講師によって、よく使う表現や訂正の優先順位は異なります。説明が違って迷ったら、自分が使いたい場面を通学講師へ伝え、どの言い方を当面の練習軸にするか決めましょう。

費用を一回単価だけで判断する

二つの入会金、教材費、月額、講師指名料などが重なることがあります。三か月または半年の総額と、実際に受けられる回数を確認してください。回数を増やしたい方は、英会話教室の通い放題は初心者に向いている?も比較材料になります。

一か月試して、続けるか判断する

最初から長期間の併用を前提にせず、一か月ごとに次の点を振り返ります。

  • 通学で決めた課題をオンラインで試せたか
  • オンラインで言えなかったことを通学で相談できたか
  • 復習時間を含めて無理のない回数だったか
  • 二つの料金を払う意味を自分で説明できるか

オンラインから通学へ完全に切り替えるか迷っている場合は、オンライン英会話から通学型教室へ変えるべき?で判断基準を確認できます。併用が負担なら、どちらか一方へ絞ることも調整の一つです。

まとめ:通学で整え、オンラインで試す循環を作ろう

オンライン英会話と通学型を併用するメリットは、対面の相談環境と自宅での反復機会を組み合わせられることです。
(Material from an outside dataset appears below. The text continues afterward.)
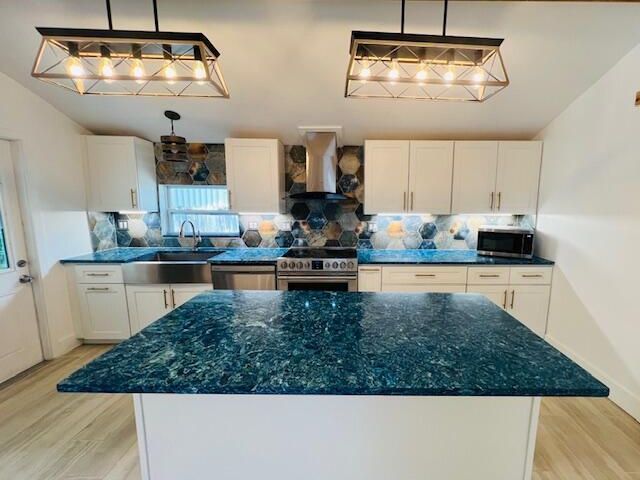 Home for sale at 181 NE 15th Terrace - photo 6252127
初心者は、通学を主軸、オンラインを補助と決め、週1回ずつまたは月2回の通学と週1回のオンラインから試すと整理しやすくなります。

体験レッスンやカウンセリングでは、通学・オンラインの切り替え、教材と記録の共有、予約条件、総額を具体的に確認してください。二つを受けること自体ではなく、一方で見つけた課題をもう一方で試せることが、併用を上達へつなげるポイントです。